Shipowners whose vessels will be subject to PLR will need to obtain a second blue card covering war risks in addition to the non-war blue card which they can obtain from their P&I Club. Some Clubs (but not all) wish to issue both blue cards. A proposal was recently made to Club Boards to extend the scope of the Group's pooling and reinsurance arrangements to include cover for war and terrorism P&I risks. This had the support of Skuld's Board and would have cleared the way for Clubs to issue both blue cards. Regrettably this proposal failed to get sufficient support. Accordingly, those Clubs wishing to provide their members with war and terrorism blue cards have been dependent upon finding a satisfactory reinsurance programme outside of the International Group's pooling and reinsurance arrangements.

Some Clubs, including Skuld, have decided to issue blue cards in their own name, in much the same way as for blue cards issued for the non-war PLR risks and for the Civil Liability and Bunkers Conventions.  However there is an additional cost because of the need to purchase a separate reinsurance programme specifically designed to cover risks arising out of these war blue cards.

Members will need to complete a PLR War Blue Card Application Form.

For Terms and Conditions, please see this link.


Application and scope with flowchart

For flowchart – see link on this page.

Vessels requiring blue cards

The Regulation applies to all sea going ships licensed to carry more than twelve passengers which undertake;

  • an international voyage where (a) the ship is calling at a port in an EU/EEA State; or (b) the ship is flying the flag of or is registered in an EU/EEA State,
  • domestic sea going voyage in an EU/EEA State (a) on Class A & B vessels or (b) on Class C & D vessels where the State has chosen to extend application of the Regulation to these categories of vessel.

International and domestic traffic

The Athens Convention, which entered into force in April 2014, applies only to international carriage.

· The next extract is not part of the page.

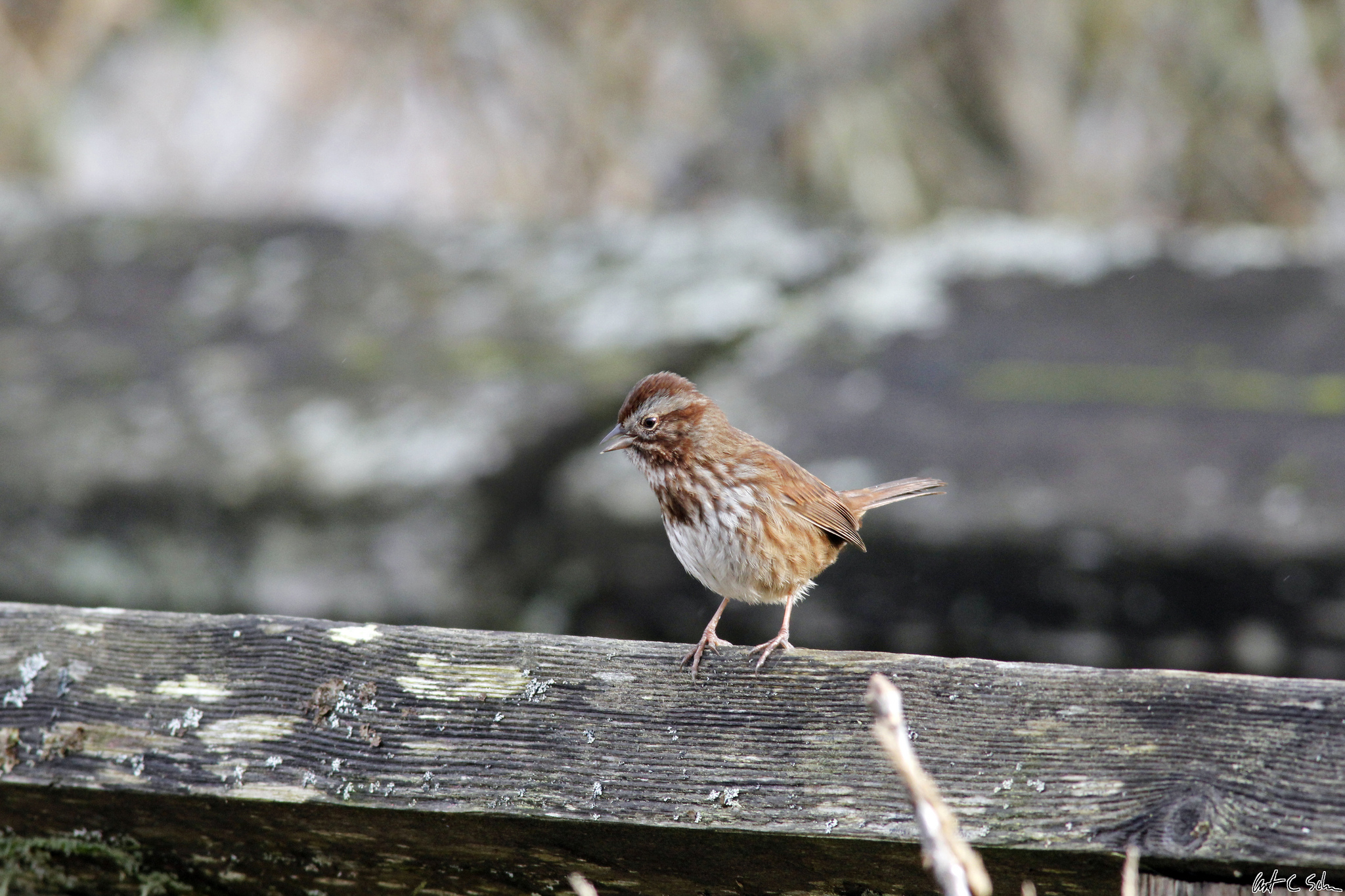 Song Sparrow Chirp austin schuver contact me form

The PLR has extended scope to include carriage by sea within a single Member State. PLR applied to Class A and Class B ships from the date of entry into force on 31 December 2012, subject to a right for States to defer application for periods which have now expired (31 December 2016 for Class A and 31 December 2018 for Class B).

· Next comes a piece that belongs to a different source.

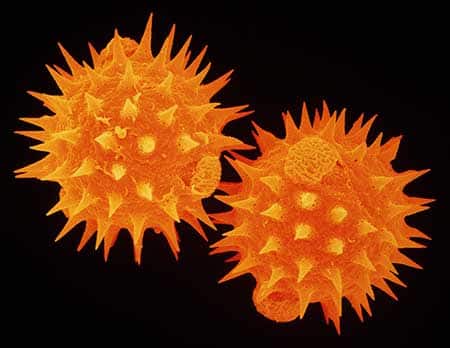 pollen microscope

States are also free to extend PLR to Class C & D ships.

The approach taken by States has varied, with some applying PLR to all Classes with immediate effect on 31 December 2012. PLR applied to Class A, B, C and D vessels from 31 December 2012 in states such as Netherlands, Denmark and Finland while most other states made use of the right to defer.

Note: Denmark will not apply the certification requirements or the requirements in respect of terrorism insurance, mobility equipment, advance payments or information to passengers for Class C or D vessels (see law 249 of 2012 - Danish language only). 

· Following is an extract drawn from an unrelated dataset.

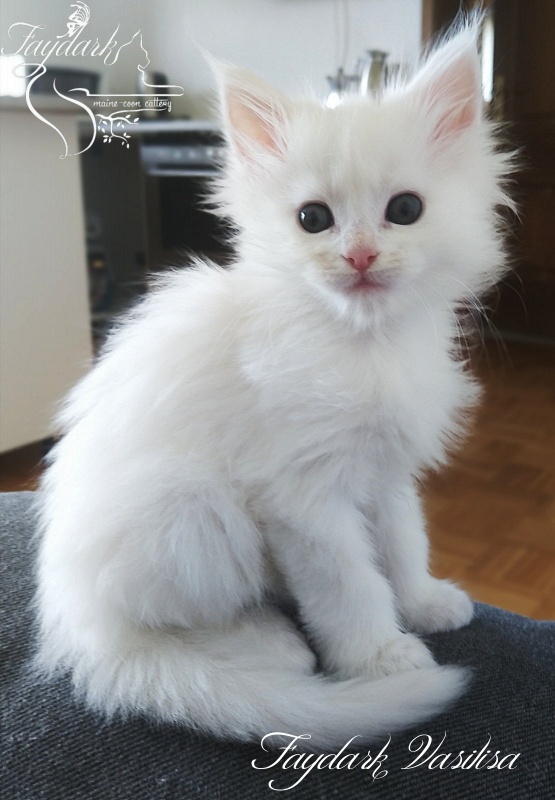 Faydark Vasilisa - Kitten maine-coon 2 months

Norway is obliged to follow PLR as a member of the European Economic Area. The legislative enactment entered into force on 1 January 2014, please see the amendments to the Maritime Code (Norwegian only). The approach is in line with that already taken by Denmark in that C & D vessels in domestic traffic will be required to have insurance in place but will not need state issued Certificates. A & B vessels will however have to obtain Certificates issued by the Norwegian authorities.

'Class A' means a passenger ship engaged on domestic voyages other than voyages covered by Classes B, C and D.

'Class B' means a passenger ship engaged on domestic voyages in the course of which it is at no time more than 20 miles from the line of coast, where shipwrecked persons can land, corresponding to the medium tide height.

'Class C' means a passenger ship engaged on domestic voyages in sea areas where the probability of exceeding 2.5 m significant wave height is smaller than 10 % over a one-year period for all-year-round operation, or over a specific restricted period of the year for operation exclusively in such period (e.g. summer period operation), in the course of which it is at no time more than 15 miles from a place of refuge, nor more than 5 miles from the line of coast, where shipwrecked persons can land, corresponding to the medium tide height.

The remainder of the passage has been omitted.